Last month, the government announced that the maximum GST compensation cess rate for pan masala will be 51% of the retail sale price per unit, from the current cess charge of 135% ad valorem. They fixed the rate for tobacco at 4,170 per thousand sticks plus 290% ad valorem or 100% of the retail sale price per unit.

This cess is levied over and above the highest GST rate of 28%. It was brought as part of amendments to the Finance Bill 2023.

Sharekhan pointed out that in the recent amendments in the Finance Bill 2023, the maximum compensation cess chargeable on tobacco products is capped at 4,170 per 1000 sticks + 290% ad-valorem.

However, ITC is unlikely to be impacted by the same.The brokerage said, "ITC's cigarette business is unlikely to be impacted by the same. We expect volume growth momentum in the cigarette business to continue in the quarters ahead."

As per the brokerage's note, the company has delivered a resilient performance in the past few quarters, despite an uncertain demand environment and sustained inflationary pressures on margins. The resilient performance was driven by a good recovery in its core cigarette business (in the post-COVID era), steady double-digit growth in the non-cigarette FMCG business, and accelerated growth in the hotel and paperboard, paper, and packaging (PPP) business.

Brokerage's note added, "ITC is expected to maintain its volume growth momentum in the cigarette business, given no price hikes in the near term and government curbing illicit cigarette sales. Strong growth in the non-cigarette FMCG business, stellar recovery in the hotel business, and sustained growth in the PPP business will drive double-digit revenue and PAT growth over the next two years"

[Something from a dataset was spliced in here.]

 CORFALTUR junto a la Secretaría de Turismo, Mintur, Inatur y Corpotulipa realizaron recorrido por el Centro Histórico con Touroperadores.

In regards to stock, the brokerage's note said, it currently trades at 25.5x, 22.8x, and 20.6x its FY2023E, FY2024E, and FY2025E EPS, which is at a discount to some large consumer goods companies.

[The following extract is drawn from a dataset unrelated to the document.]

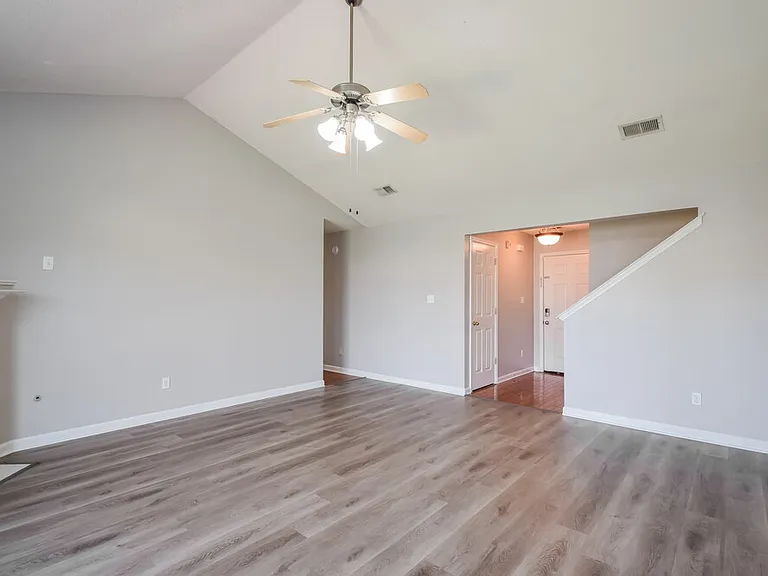 6379 Sandbourne E — Photo 6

Hence, the note said, "Strong earnings visibility with improving growth prospects of the core cigarette business and margin expansion in the non-cigarette FMCG business, along with a high cash-generation ability and strong dividend payout, will consistently improve valuations in the coming years. We maintain our Buy recommendation on the stock with an unchanged price target (PT) of 450."

Among key risks, the note highlighted the government's policies to curb tobacco product consumption or a sustained slowdown in consumer demand.